How do we improve a MongoDB MapReduce function that takes too long to retrieve data and gives out of memory errors?

Retrieving data from mongo takes too long, even for small datasets. For bigger datasets we get out of memory errors of the javascript engine. We've tried several schema designs and several ways to retrieve data. How do we optimize mongoDB/mapReduce function/MongoWire to retrieve more data quicker?
We're not very experienced with MongoDB yet and are therefore not sure whether we're missing optimization steps or if we're just using the wrong tools.
1. Background
For graphing and playback purposes we want to store changes for several objects over time. Currently we have tens of objects per project, but expectations are we need to store thousands of objects. The objects may change every second or not change for long periods of time. A Delphi backend writes to and reads from MongoDB through MongoWire and SuperObjects, the data is displayed in a web frontend.
2. Schema design
We're storing the object changes in minute-second-millisecond objects in a record per hour.

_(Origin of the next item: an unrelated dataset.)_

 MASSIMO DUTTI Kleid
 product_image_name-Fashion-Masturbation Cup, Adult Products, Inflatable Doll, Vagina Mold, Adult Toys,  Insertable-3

The schema design is like described here. Sample:
o: object1,
dt: $date,
v: {0: {0:{0: {speed: 8, rate: 0.8}}}, 1: {0:{0: {speed: 9}}}, …}
We've put indexes on {dt: -1, o: 1} and {o:1}.
3. Retrieving data
We use a mapReduce to construct a new date based on the minute-second-millisecond objects and to put the object back in v:
o: object1,
dt: $date,
v: {speed: 8, rate:0.8}
An average document is about 525 kB before the mapReduce function and has had ~29000 updates. After mapReduce of such a document, the result is about 746 kB.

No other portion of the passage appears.